From an article in the CERN Courier I recently learned about a program that brought together physicists and philosophers of science earlier this year around the topic of philosophy and particle physics. This was the First International Spring School on Particle Physics and Philosophy held last March in Germany, and I gather that there are plans for a second one in two years.

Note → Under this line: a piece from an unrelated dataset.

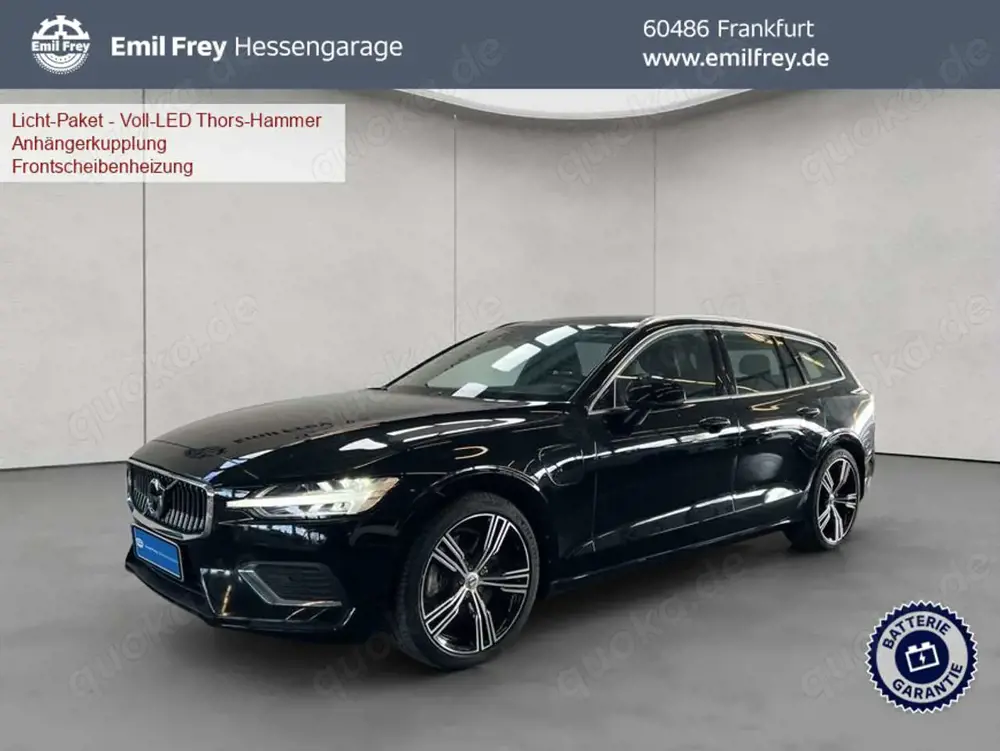 Volvo V60 T6 AWD Recharge Inscription Glasd 360° PilotAs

Unlike many “physics and philosophy” efforts, which often revolve around rather sterile debates, the central topics of this school were very real issues currently at the heart of fundamental physics. In particular, the questions of gauge symmetry and the Higgs mechanism played an appropriately large role, with the experimental situation an important part of the discussion. In a few days (at EPS-HEP2011) we’re likely to hear the first significant results about the Higgs coming from the LHC. This will mark the beginning of a new era likely lasting for a while which will be dominated by news coming from the LHC on this topic, and a major re-orientation of theoretical research in response. New ideas will hopefully emerge, and models that have held theorists attention for decades will likely fall by the way-side (in his talk on supersymmetry, Michael Kraemer expresses the opinion that if it doesn’t show up in the 2011/12 run, it’s all over for weak scale supersymmetry).
The speaker’s slides for the conference unfortunately aren’t now publicly available since the organizers haven’t gotten permission from their authors, but perhaps they’ll be made available at some point, somewhere in some form.